En las telas de mi corazón

En las telas de mi corazón

Ayer alcancé a ver a Jack Veneno, en la calle Furci Pichardo, y de lejos sonreí, porque a Jack Veneno lo tengo prendido a las telas de mi corazón.

Los dos hemos envejecido, pero confieso que le temo al ridículo, y reculo hacia la traición vulgar del presente refugiándome en esa mentira del ayer. Los muy jóvenes no saben el valor simbólico que tuvo entre nosotros ese luchador llamado Jack Veneno. Y yo no puedo concebir otro Jack Veneno que no sea una metáfora de la bondad general del mundo, y sus fanáticos enronquecidos serán siempre para mí el espejismo del universo.
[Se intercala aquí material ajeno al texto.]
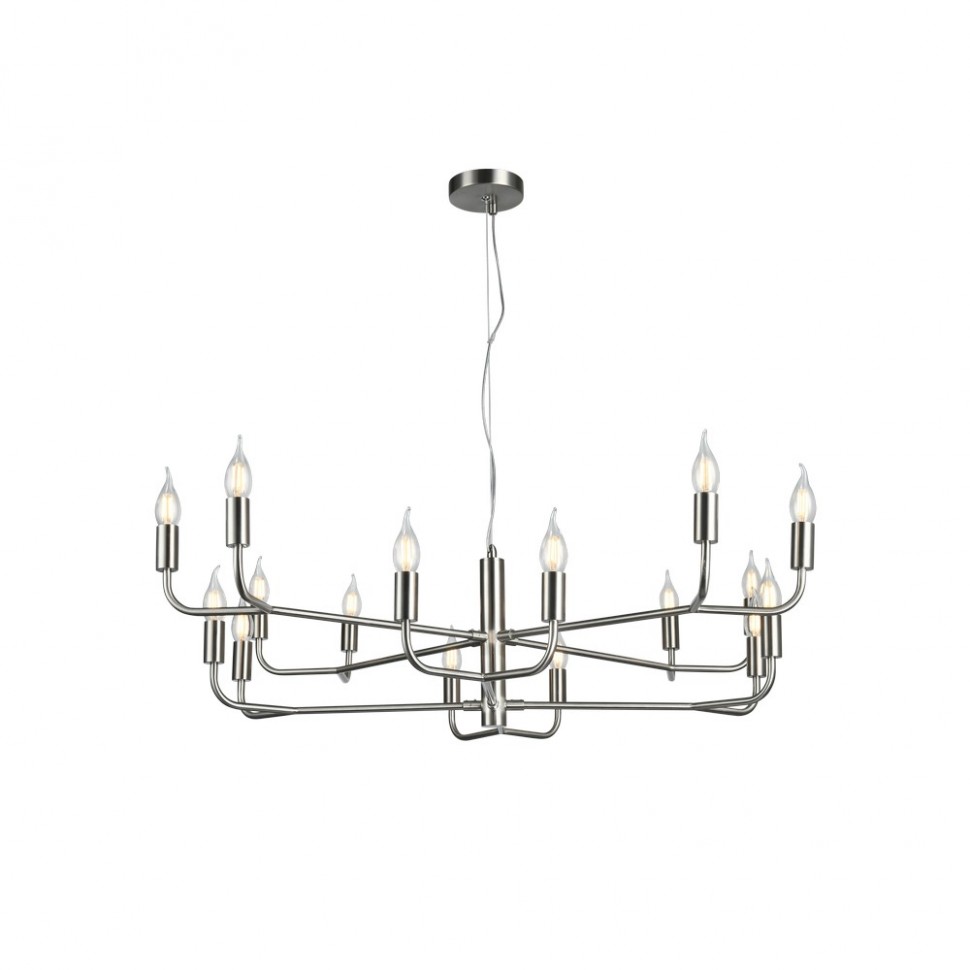 Люстра подвесная Aployt Evlalia APL.338.03.16 фото 1 &mdash; svetrussia.ru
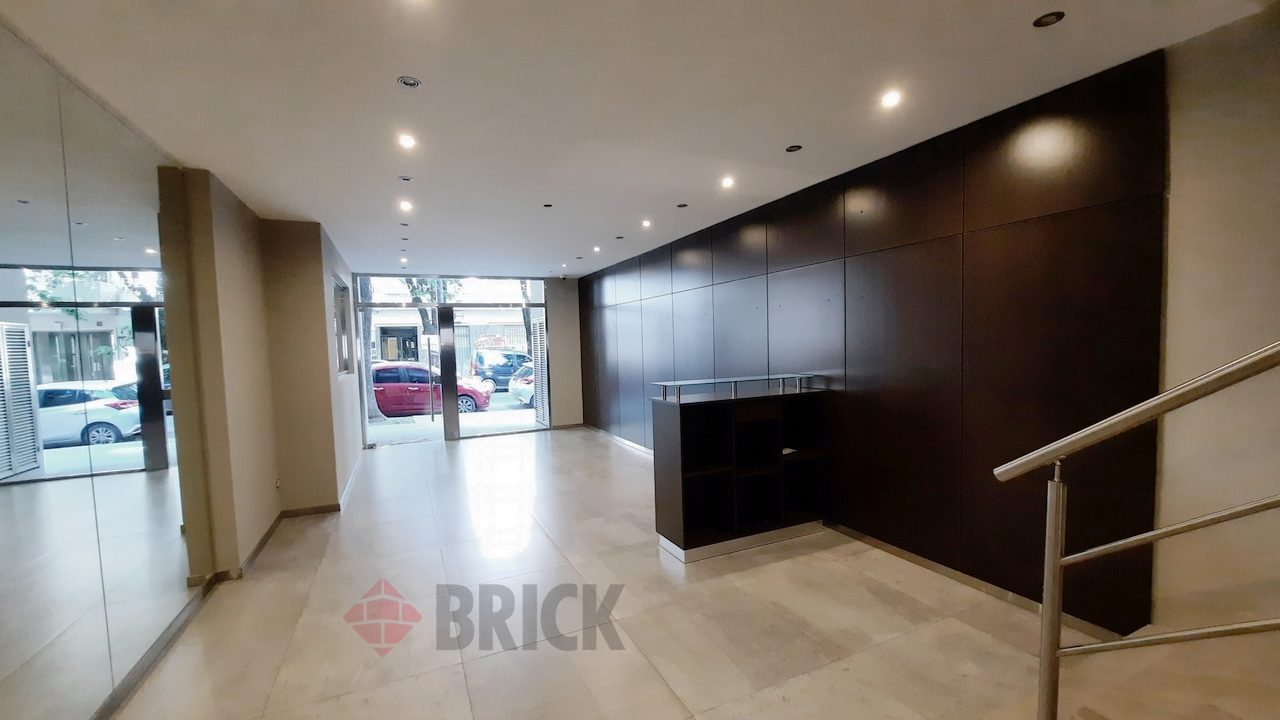 FERNANDEZ BLANCO al 2300 Piso 3 22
¿Qué había detrás de esa masa furibunda, que gritaba alrededor del ring en el parque Eugenio María de Hostos,  al borde de la desesperación, cuando su héroe mordía el polvo de la derrota, y la idea de una justicia universal parecía tambalearse? ¿Quién movía los hilos de ese designio cuando ¡al fin! el héroe se reponía de la derrota momentánea, y esa legión de fanáticos enardecidos chillaba hasta las lágrimas porque la representación pura de la justicia había triunfado? La dialéctica de ese juego fatal, en el que el héroe está a punto de perderlo todo, entusiasmaba hasta más no poder a sus fanáticos. Allí, en el estruendo del parque Eugenio María de Hostos, se jugaba en ese instante el destino del mundo. Todo pendía de un hilo, y él, sólo él, el “Campeón de la bolita del mundo” (como voceaba el locutor afónico y fuera de sí), tenía que salvarlo.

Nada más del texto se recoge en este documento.